Based on a thorough lexical analysis of the Semitic component in Yiddish, Shtif argues in his article that the Semitic-derived vocabulary in Yiddish were mainly used for religious and spiritual matters, rarely relating to the “real world of things and deeds,”46 or to the world of the working man.47 More significantly, Shtif claims that the Hebrew elements were intentionally introduced into Yiddish from the 15th century on by “the higher classes” in Jewish society.

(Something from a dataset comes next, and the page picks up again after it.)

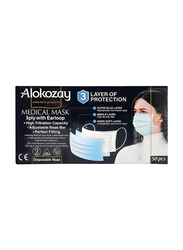 Alokozay Disposable 3ply Face Masks with Ear Loop, 50 Pieces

This process of “hebraization,” as he calls it, was carried out “not by the ‘masses,’ and most certainly not by the working man—the shoemaker, the tailor, the domestic worker, the maidservant,”48 but rather by “the economically and culturally dominant social strata: the middle class, the rich merchants, the religious functionaries, the scholars.”49

According to Shtif, the “hebraization” of Yiddish was part of a class struggle,50 in which the Semitic component was an instrument of what he terms “the aristocratic class.” Shtif goes so far as to call this historical process an “invasion of the scholarly Hebrew” into Yiddish51 or “the Hebrew occupation of Yiddish.”52

This, however, was bound to change: “with the advent of the Jewish working class and of the Jewish workers movement, the Hebrew vocabulary [in Yiddish] declines both in number and in weight, [together with other archaic expressions] which do not accord with the life and struggle of the working class.”53 While large parts of the old Hebrew vocabulary in Yiddish has become superfluous, he writes, “the working class has created a new language, with a minimum of Hebrew elements.” This time, Shtif claims, this process takes place without any conscious language policy: “that which is foreign to the life and struggle of the new class has declined by itself.”54

While Shtif considered the reduction of the Semitic component in Yiddish in the Soviet Union to be the necessary outcome of an historical process, his claim that Yiddish could do with no more than “several hundred Hebrew words and expressions”55 can be taken as an implicit demand for dehebraization.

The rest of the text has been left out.